MPAA Will Get Tougher with Smoking in Films

Movies that glamorize smoking may receive restrictive ratings.

Smoking will become a factor of rating decision by the Motion Picture Association of America, along with violence, language, nudity, drug abuse and other elements.

MPAA announced today that smoking will be considered when rating movies and "depictions that glamorize smoking or movies that feature pervasive smoking outside of an historic or other mitigating context may receive a higher rating."

After years of pressure from advocacy groups, MPAA finally decided to endorse some of their demands. "There is broad awareness of smoking as a unique public health concern due to nicotine's highly addictive nature, and no parent wants their child to take up the habit," MPAA Chief Executive Dan Glickman said. "The appropriate response of the rating system is to give more information to parents on this issue."

Recently a group of 32 state attorney generals publicly called for an action from MPAA after recommendations from the Harvard School of Public Health.
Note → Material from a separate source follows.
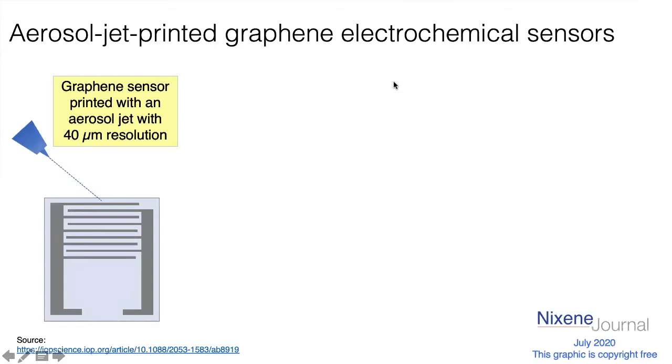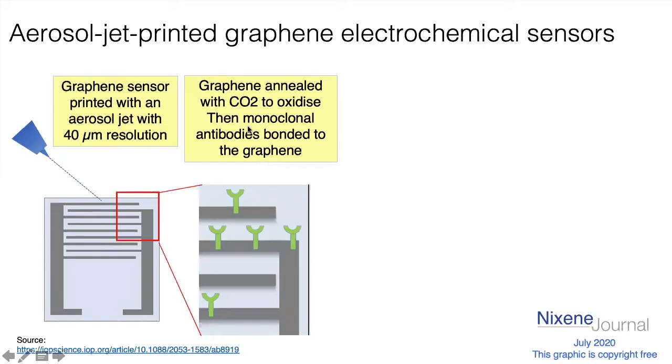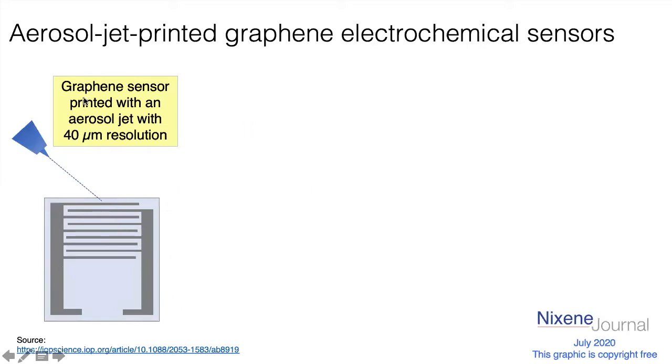So probably the easiest thing is for me to share my screen. This time, we're printing what's called an electrochemical sensor. This slide builds because there's a little bit of information here. First of all, we start off by printing the basic shape of the graphene sensor, and we get this comb pattern. We've got one contact here, another contact here, and the two never quite meet, but you form the current through the loop.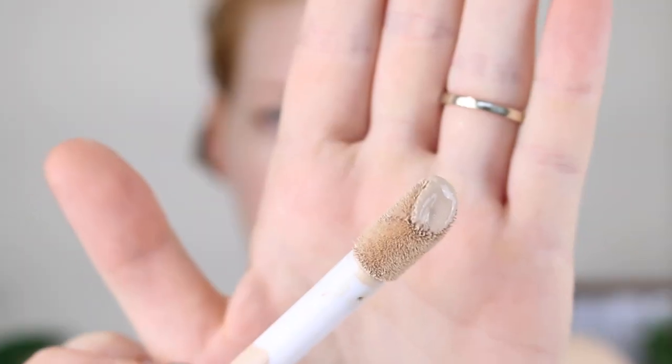It does come with this very large doe foot applicator. To be honest, it's not my favorite way to apply foundation, especially for someone like me who does get breakouts. I don't really want to be wiping this over my breakouts and dipping it back in the bottle. I just prefer a pump on a foundation because it's kind of easier to remember how much you use to get the coverage that you like, whereas with this kind of applicator, you're just kind of swiping it on, taking a guess. It's not a big deal and it's not going to stop me from using the foundation, but I just prefer a pump.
Glickman had asked the school last fall to study the effect of smoking in movies. Their findings, presented to the MPAA in February, found that urgent action was needed.

A Research published this month by the Dartmouth Medical School found that 74 percent of 534 recent box-office hit movies contained smoking and many of the movies were rated PG-13. The researchers found that teenagers who had seen smoking in films were nearly twice as likely to have tried cigarettes as those who saw the least amount of on-screen smoking.